* BRIEF
Each line below from the "Casa · 140m²" line through the "Used 2016 Chevrolet" line, those two included, must be restated word for word; the pictures must not be.
[[ SOURCE MATERIAL, beginning ]]
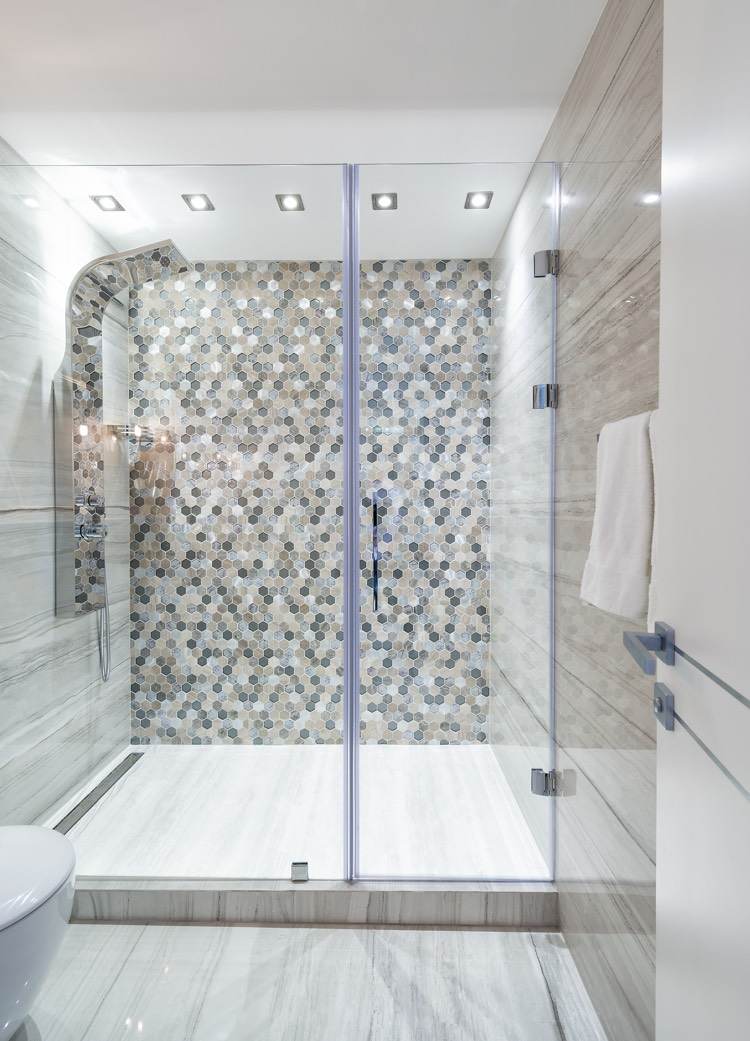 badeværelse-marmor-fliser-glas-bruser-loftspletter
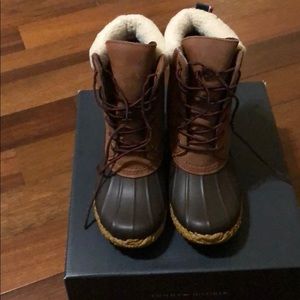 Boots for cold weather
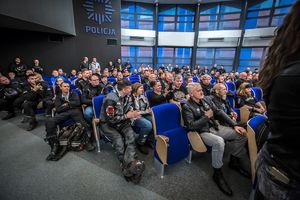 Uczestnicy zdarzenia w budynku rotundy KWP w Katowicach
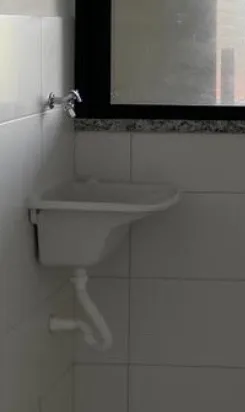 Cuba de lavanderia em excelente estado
[[ SOURCE MATERIAL, end ]]
[[ SOURCE MATERIAL, beginning ]]
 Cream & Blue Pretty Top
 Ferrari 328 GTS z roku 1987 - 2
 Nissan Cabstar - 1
[[ SOURCE MATERIAL, end ]]
[[ SOURCE MATERIAL, beginning ]]
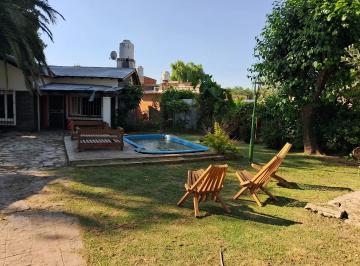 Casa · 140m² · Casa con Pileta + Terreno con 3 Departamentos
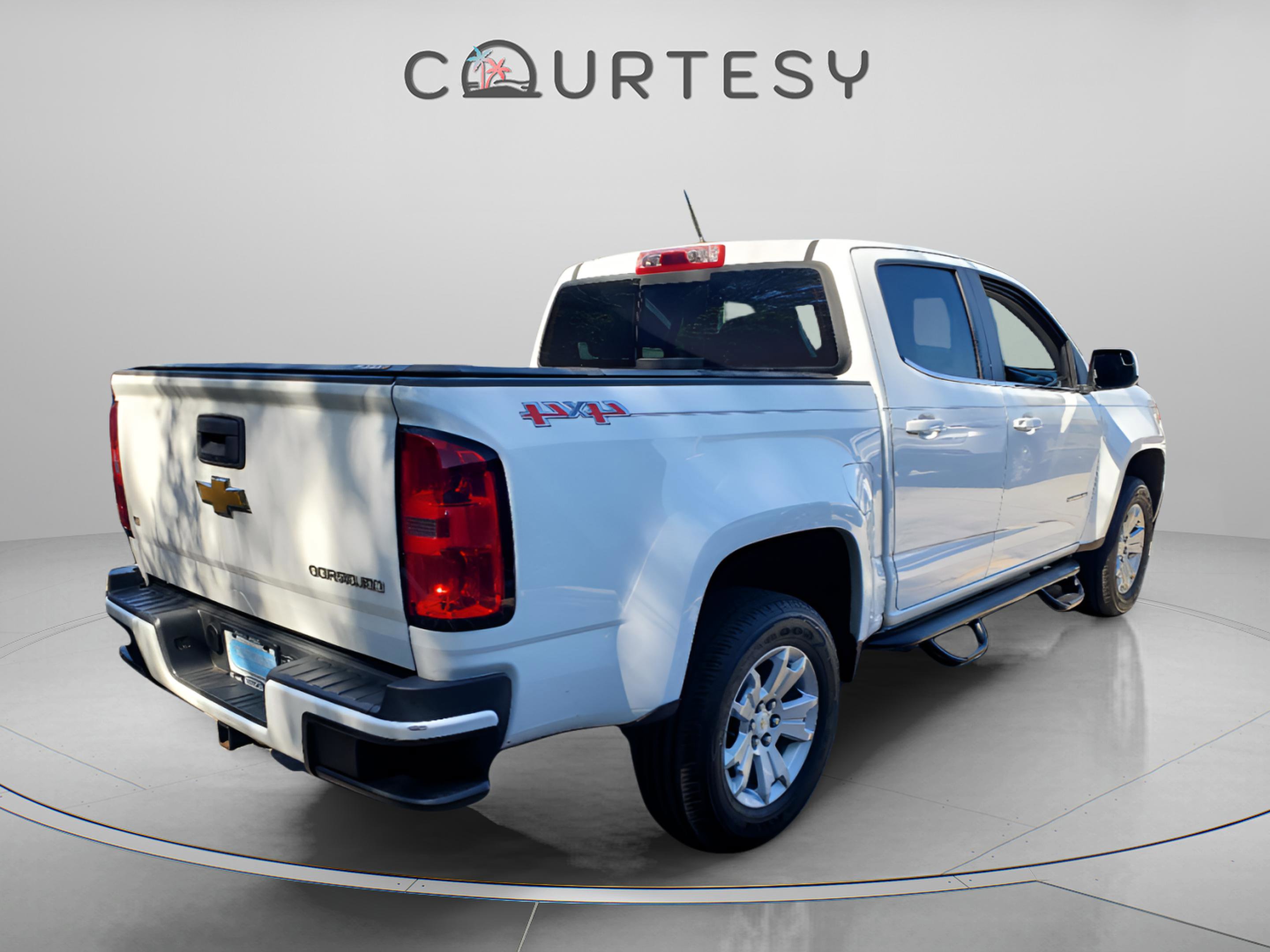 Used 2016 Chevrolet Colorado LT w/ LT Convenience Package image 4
[[ SOURCE MATERIAL, end ]]
* REPLY TO THE TASK
 Casa · 140m² · Casa con Pileta + Terreno con 3 Departamentos
 Used 2016 Chevrolet Colorado LT w/ LT Convenience Package image 4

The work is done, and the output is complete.